FMT Intestinal Microbiome Changes and Clinical Outcomes of Patients with Ulcerative Colitis after Fecal Microbiota Transplantation (Dec 2023, n=20, 10x enemas, 3 donors) "Clinical remission was achieved in 19 (95%) patients at week 8"

Fecal Microbiota Transplants

Michael Harrop

Active member
Jul 6, 2023


Background and Aims: Ulcerative colitis (UC) is a chronic inflammatory disease that affects many people. One of the possible ways to treat UC is fecal microbiota transplantation (FMT). In this study, changes in the intestinal microbiome and clinical outcomes of 20 patients with UC after FMT were estimated.

Methods: FMT enemas were administrated ten times, once a day, and fecal microbiota from three donors was used for each enema. The clinical outcomes were assessed after eight weeks and then via a patient survey. The 16S rRNA profiles of the gut microbiota were compared between three samplings: samples from 20 patients with UC before and after FMT and samples from 18 healthy volunteers.

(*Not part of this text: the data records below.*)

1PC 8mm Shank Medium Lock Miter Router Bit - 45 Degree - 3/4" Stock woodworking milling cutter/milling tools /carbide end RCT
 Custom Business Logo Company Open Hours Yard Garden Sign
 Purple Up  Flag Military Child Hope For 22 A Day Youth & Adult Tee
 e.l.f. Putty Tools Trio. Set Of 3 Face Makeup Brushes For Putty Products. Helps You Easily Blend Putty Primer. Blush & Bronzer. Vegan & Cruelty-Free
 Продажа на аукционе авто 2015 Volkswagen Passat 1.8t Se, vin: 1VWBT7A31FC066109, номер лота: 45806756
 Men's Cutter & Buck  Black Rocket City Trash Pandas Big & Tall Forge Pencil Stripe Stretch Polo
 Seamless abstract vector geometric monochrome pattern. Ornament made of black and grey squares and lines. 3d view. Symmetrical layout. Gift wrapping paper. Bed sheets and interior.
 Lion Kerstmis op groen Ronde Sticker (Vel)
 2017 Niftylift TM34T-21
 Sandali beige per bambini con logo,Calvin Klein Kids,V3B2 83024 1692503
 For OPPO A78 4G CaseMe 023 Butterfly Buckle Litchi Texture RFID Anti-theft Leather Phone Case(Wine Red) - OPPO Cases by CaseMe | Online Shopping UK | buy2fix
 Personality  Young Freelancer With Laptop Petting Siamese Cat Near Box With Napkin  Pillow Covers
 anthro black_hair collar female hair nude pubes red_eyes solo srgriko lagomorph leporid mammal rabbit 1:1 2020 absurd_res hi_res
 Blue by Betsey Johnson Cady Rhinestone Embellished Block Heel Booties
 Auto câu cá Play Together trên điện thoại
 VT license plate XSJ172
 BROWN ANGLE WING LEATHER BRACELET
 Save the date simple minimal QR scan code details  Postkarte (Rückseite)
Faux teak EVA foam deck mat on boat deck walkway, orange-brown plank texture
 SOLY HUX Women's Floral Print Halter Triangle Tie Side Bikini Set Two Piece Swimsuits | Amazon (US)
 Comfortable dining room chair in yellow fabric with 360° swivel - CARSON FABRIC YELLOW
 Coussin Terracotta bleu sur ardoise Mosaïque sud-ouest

Results: Clinical remission was achieved in 19 (95%) patients at week 8. Adverse events occurred in five patients, including one non-responder. A significant increase in average biodiversity was shown in samples after FMT compared to samples before FMT, as well as a decrease in the proportion of some potentially pathogenic bacteria.

Conclusion: The efficacy of FMT for UC treatment was confirmed; however, the duration of remission varied substantially, possibly due to different characteristics of the initial microbiota of patients. Targeted analysis of a patient’s microbiome before FMT could increase the treatment efficacy.

Donor criteria were extremely basic:
Volunteers were young healthy people without chronic diseases (including autoimmune diseases), who had not been infected and/or hospitalized for at least six months and did not use antibiotics during this period. Fecal samples from volunteers were tested for the presence of the infectious agents Salmonella spp., Shigella spp., enteroinvasive Escherichia coli, and Cryptosporidium spp. using routine microbiological methods, as well as for helminths and their eggs using microscopy. C. difficile toxins A and B were detected using the immunochromatographic rapid test (Toxin A + B (Clostridium difficile) DUO, Vedalab, Alençon, France). In addition, the DNA of Shigella spp., enteroinvasive Escherichia coli, Salmonella spp., and Campylobacter were tested using PCR with hybridization fluorescence detection of amplification products (Amplisence OKI Bacto-Screen-FL, Moscow, Russia), and nucleic acids of rotaviruses A, noroviruses I and II, and adenoviruses F were screened for using the same method (Amplisence OKI Viro-Screen-FL, Moscow, Russia). All volunteers were additionally screened for H. pylori.

Volunteers who expressed a desire to become donors underwent further examination, which included general and biochemical blood tests, as well as blood ELISA for the presence of lamblia, toxocara, opisthorchia, ascaris, and trichinella. In addition, the absence of the syphilis causative agent, HIV-1 and HIV-2, and hepatitis B and C viruses was confirmed using standard kits.

Stool processing:
The course of FMT included ten enemas, one enema per day. The original donor material had been stored at −84 °C. For each procedure of FMT, the material from three donors was mixed in equal amounts. For each enema, a total of 90 g of stool samples from three donors (30 g from each) was suspended in 250 mL of sterile saline (0.9% NaCl) and the obtained suspension was homogenized using a household mixer at low speed. Then, the mixture was filtrated at least three times to remove large fecal lumps and residues. Each time, the product was freshly prepared 40–60 min before the FMT procedure and stored at room temperature and then, at 35 °C (last 30 min). The volume of each infusion was 190–200 mL.